● **Exercise**: Once the line with "Street Pro Heckschürze" is found in the data, output it and each following line exactly, up to and including the line with "Factory direct supply", and nothing before or after.

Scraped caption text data
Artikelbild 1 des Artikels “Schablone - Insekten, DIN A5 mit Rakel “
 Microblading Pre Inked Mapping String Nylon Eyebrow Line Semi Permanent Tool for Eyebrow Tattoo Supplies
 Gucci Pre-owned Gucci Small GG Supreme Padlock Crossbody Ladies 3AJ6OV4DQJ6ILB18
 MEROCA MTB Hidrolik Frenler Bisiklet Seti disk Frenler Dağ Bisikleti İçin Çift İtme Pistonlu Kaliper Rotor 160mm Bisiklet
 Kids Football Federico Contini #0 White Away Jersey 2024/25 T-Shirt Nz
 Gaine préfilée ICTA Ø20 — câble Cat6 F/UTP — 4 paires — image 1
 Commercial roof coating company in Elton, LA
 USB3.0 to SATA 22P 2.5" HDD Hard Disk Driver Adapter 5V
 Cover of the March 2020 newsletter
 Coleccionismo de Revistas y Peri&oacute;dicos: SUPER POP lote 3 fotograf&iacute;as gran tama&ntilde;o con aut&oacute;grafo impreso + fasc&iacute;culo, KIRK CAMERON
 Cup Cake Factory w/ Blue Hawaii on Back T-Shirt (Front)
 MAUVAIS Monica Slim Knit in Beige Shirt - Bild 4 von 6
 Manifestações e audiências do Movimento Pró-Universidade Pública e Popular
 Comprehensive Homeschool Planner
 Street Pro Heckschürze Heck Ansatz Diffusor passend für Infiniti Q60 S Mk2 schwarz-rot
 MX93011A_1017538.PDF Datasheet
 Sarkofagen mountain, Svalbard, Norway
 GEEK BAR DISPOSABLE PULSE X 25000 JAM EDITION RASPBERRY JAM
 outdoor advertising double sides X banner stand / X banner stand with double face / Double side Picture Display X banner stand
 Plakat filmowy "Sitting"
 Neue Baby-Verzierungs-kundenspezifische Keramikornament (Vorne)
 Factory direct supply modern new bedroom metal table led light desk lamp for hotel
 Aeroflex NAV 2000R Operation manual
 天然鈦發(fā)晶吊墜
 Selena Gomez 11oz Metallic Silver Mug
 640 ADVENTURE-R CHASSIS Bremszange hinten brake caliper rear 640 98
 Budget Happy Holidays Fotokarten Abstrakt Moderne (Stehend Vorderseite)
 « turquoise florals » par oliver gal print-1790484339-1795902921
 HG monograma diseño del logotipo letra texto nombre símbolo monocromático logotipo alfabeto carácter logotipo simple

● **Completed task**:
 Street Pro Heckschürze Heck Ansatz Diffusor passend für Infiniti Q60 S Mk2 schwarz-rot
 MX93011A_1017538.PDF Datasheet
 Sarkofagen mountain, Svalbard, Norway
 GEEK BAR DISPOSABLE PULSE X 25000 JAM EDITION RASPBERRY JAM
 outdoor advertising double sides X banner stand / X banner stand with double face / Double side Picture Display X banner stand
 Plakat filmowy "Sitting"
 Neue Baby-Verzierungs-kundenspezifische Keramikornament (Vorne)
 Factory direct supply modern new bedroom metal table led light desk lamp for hotel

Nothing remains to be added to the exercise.